Dalam kesempatan yang sama,
Kasubdit Statistik Ketenagakerjaan BPS Wachyu Winarsih mengungkapkan, tingkat
pengangguran di jenjang pendidikan SMK naik karena lulusan SMK didorong untuk
menjadi seorang wirausaha. Namun pada kenyataannya, banyak alumni sekolah
kejuruan ini yang belum siap mengimplementasikan ilmunya sebagai entrepreneur
dan memilih untuk bekerja di perusahaan.
"Karena mereka belum berani
jadi wirausaha, akhirnya menjadi buruh atau karyawan dulu. Sementara lapangan
kerja yang menyerap mereka terbatas. Tapi Tingkat Pengangguran Terbuka tinggi
untuk SMK, hanya di jurusan tertentu saja, misalnya di jurusan Tata Boga,"
jelasnya.
Sementara tingkat pengangguran
naik di jenjang pendidikan Universitas, diakui Wachyu karena jebolan Sarjana
ini terlalu memilih pekerjaan yang sesuai dengan minat maupun sesuai bidang
studi yang ditekuni, termasuk mempertimbangkan soal gaji.

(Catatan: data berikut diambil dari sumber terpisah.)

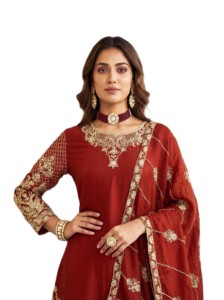 Elegant Look Heavy Embroidery Traditional Pattern Stitched Chinon Silk Pakistani Designer Salwar Kameez Coordinating Dupatta - Product Image 3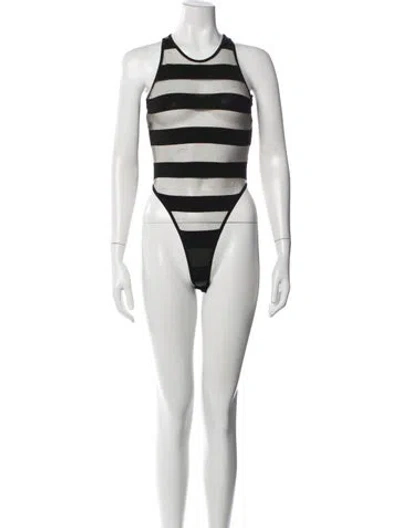 Pre-owned Balmain Striped Crew Neck Bodysuit In Neutral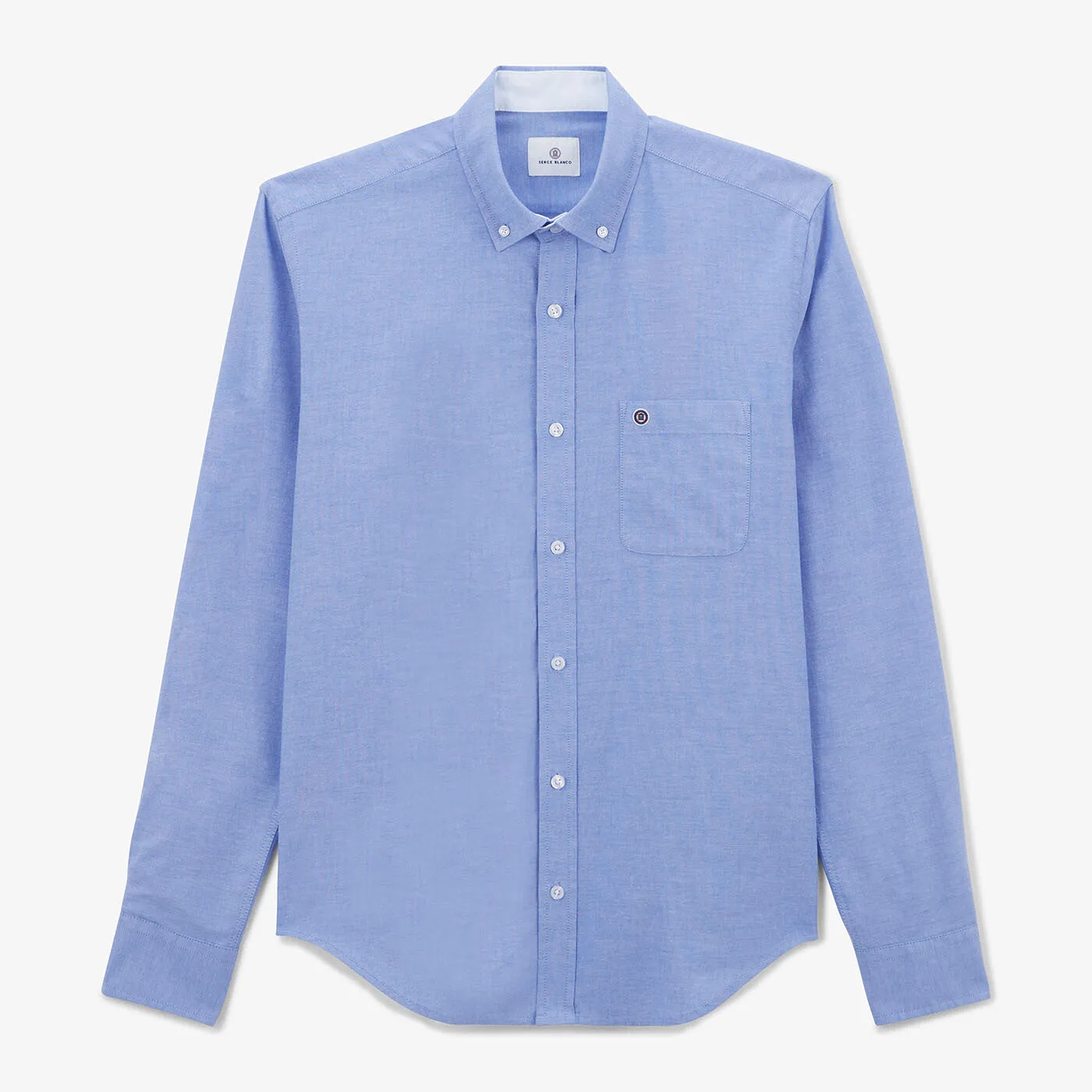 Chemise regular Oxford ciel avec ganse SERGE BLANCO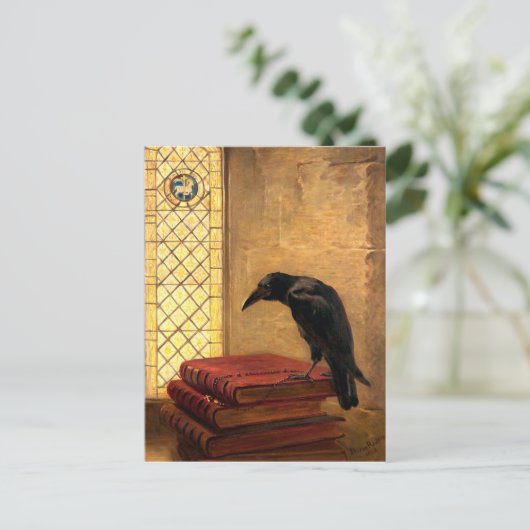 Antiek Gothic Raven op oude middeleeuwse boeken Briefkaart (Staand voorkant)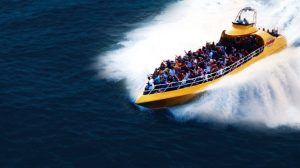 a small boat in a body of water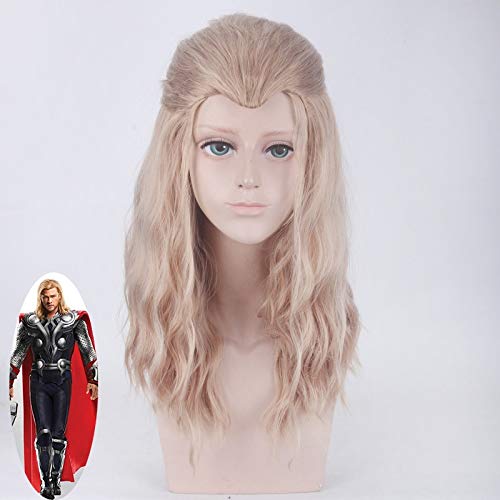 Film Blonde Brown Mix Curly Long Beauty Tipp Witwen Peak Cosplay Perücke Die Rächer Thor Odinson Purim Karneval Requisiten Perücken von YHWW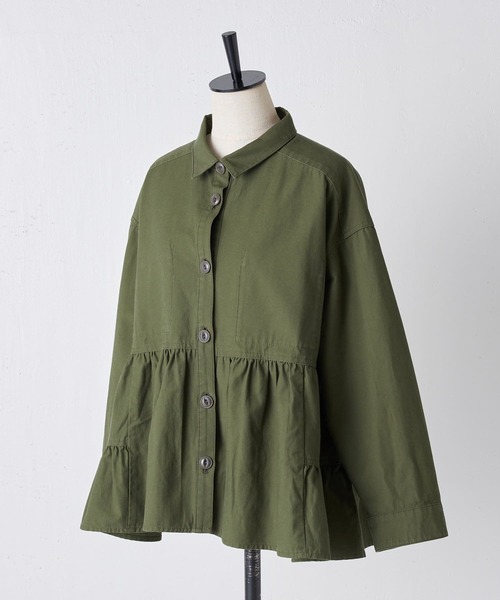 BEARDSLEY（ビアズリー）の「綿麻ティアードシャツ（シャツ/ブラウス・レディース・カーキ/ベージュ・FREE）」の12枚目の写真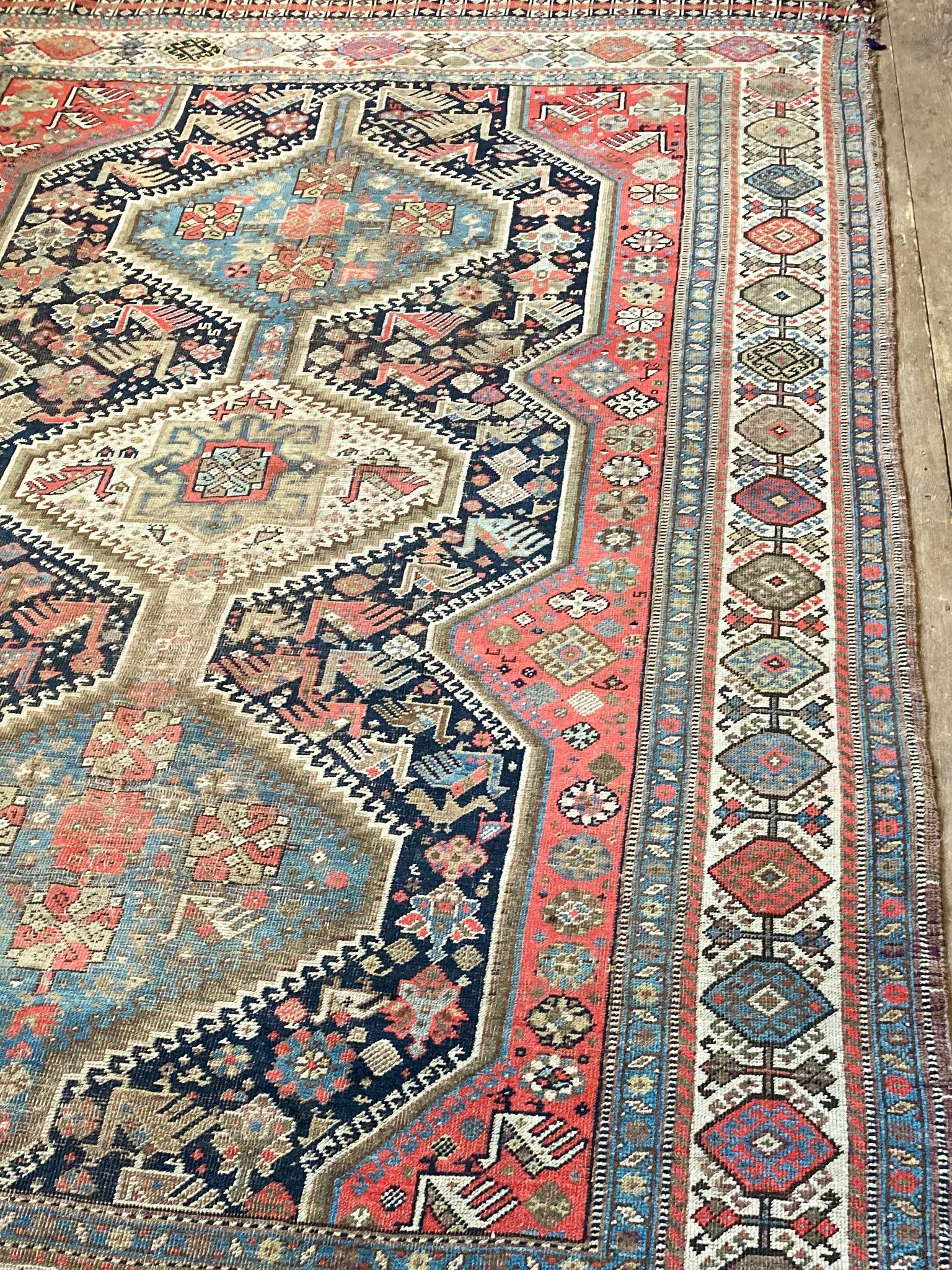 Wool Early 20th Century Shiraz Rug For Sale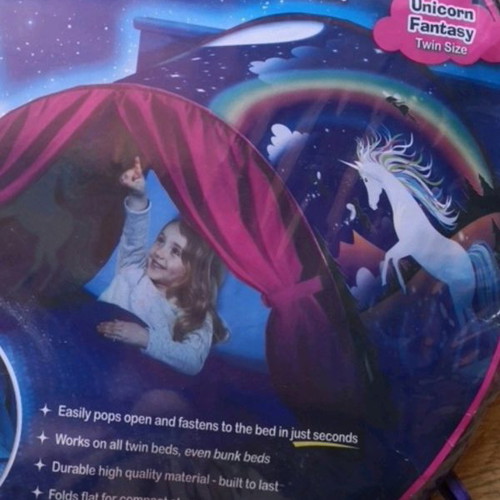 Bed canopy curtain for children with unicorn theme new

"Kalau pekerjaan tidak sesuai
dengan bidang pendidikan, atau gaji belum cocok, ya lebih baik nunggu dulu,
cari kerjaan di perusahaan lain. Mereka cenderung punya kebebasan, beda dengan
yang berpendidikan rendah. Mereka harus bekerja untuk bisa makan," tegasnya.

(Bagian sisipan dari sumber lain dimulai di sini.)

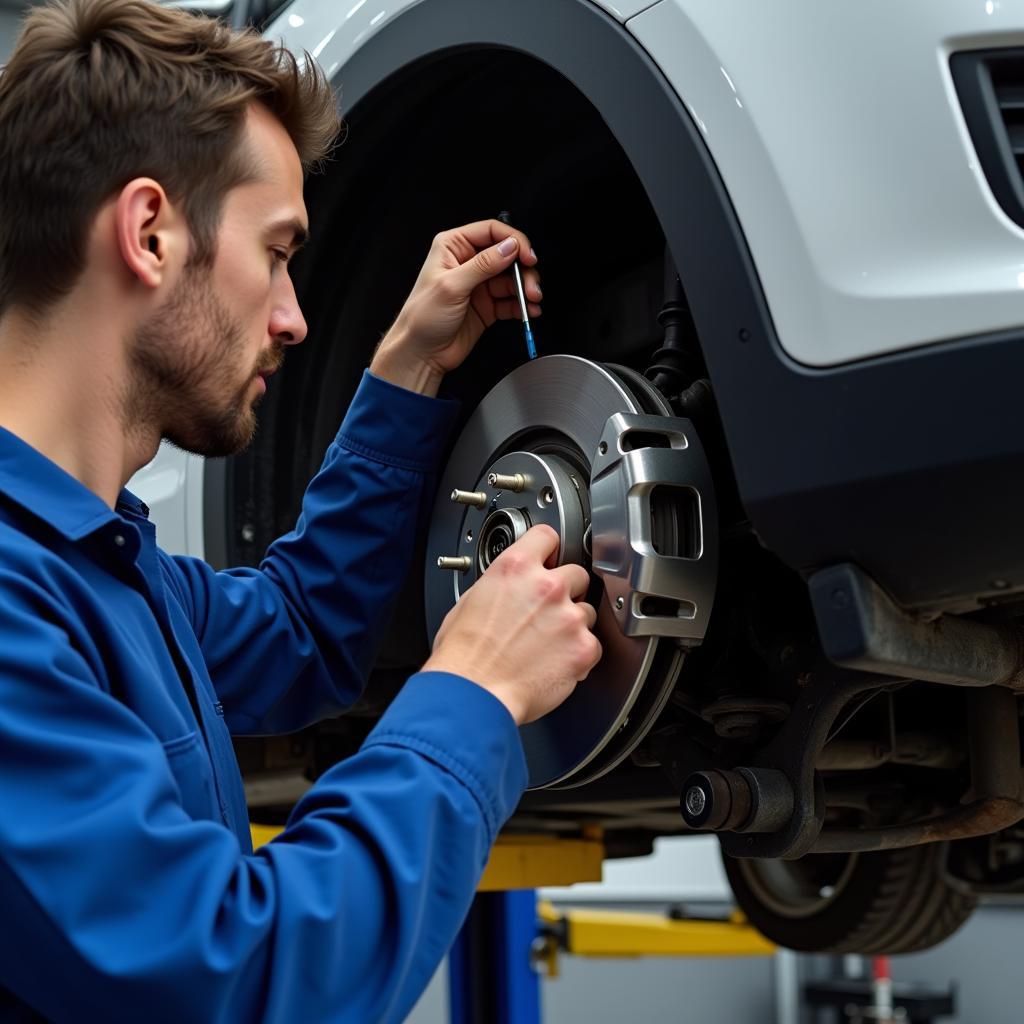 Mechanic Inspecting Car Brakes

Sedangkan dari sisi lapangan usaha
atau perusahaan, lanjut Wachyu, perusahaan kian selektif untuk merekrut atau
menerima karyawan baru. Perusahaan mempunyai kriteria tertentu, dan cenderung
memilih pekerja yang mempunyai kompetensi atau keahlian dan pengalaman.
"Perusahaan juga seleksi
calon karyawan baru, mencari lulusan yang bukan saja mahir sesuai latar
belakang pendidikan saja, tapi juga punya keahlian di luar itu dan pengalaman.

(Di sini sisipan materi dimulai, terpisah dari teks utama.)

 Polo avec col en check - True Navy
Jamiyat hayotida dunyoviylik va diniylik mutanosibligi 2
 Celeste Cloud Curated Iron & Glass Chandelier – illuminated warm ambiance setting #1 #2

Sementara tidak sedikut lulusan SMK dan Universitas yang belum memiliki
kriteria tersebut," pungkas Wachyu. (Fik/Gdn)
ANALISIS :
1. Pendidikan
dan keterampilan yang rendah.
Syarat
seseorang untuk bisa dengan mudahnya memperoleh pekerjaan tentunya harus
dimodali dengan pendidikan dan keterampilan yang baik. Kalau tidak, jangan
harap kita bisa dapat pekerjaan yang layak. Bayangkan saja begitu banyaknya
lulusan-lulusan SMP, SMA maupun perguruan tinggi lainnya di tiap tahunnya,
hanya yang berbibit unggullah yang kelak akan menghiasi dunia kerja. Hal ini
juga terjadi karena sebagian orang berpendapat bahwa banyaknya para sarjana
yang tidak memperoleh pekerjaan atau menjadi pengangguran, sehingga para
masyarakat awam berpikir untuk apa sekolah atau kuliah kalau ujung-ujungnya
menjadi pengangguran. Selain itu mahalnya biaya pendidikan juga menghambat para
masyarkat kecil untuk memperoleh pendidikan yang layak.
2. Angkatan
kerja tidak dapat memenuhi persyaratan yang diminta dunia kerja.
Sama halnya
dengan poin kedua, ketidak terpenuhinya persyaratan yang diminta dunia kerja
seperti pendidikan dan keterampilan yang bagus hanya akan menambah jumlah pengangguran
di Indonesia. Bahkan tak jarang kompetensi pencari kerja yang tidak sesuai dengan pasar kerja. Misalnya,
banyaknya lulusan pertanian yang bekerja di perbankan, lulusan ekonomi kerja di
kehutanan, sehingga para masyarakat berpikir untuk memperoleh pekerjaan cukup
dengan jalan pintas yang menyebabkan kurangnya keterampilan bagi calon pekerja
karena tidak sesuai dengan posisi atau kemampuan yang dia miliki.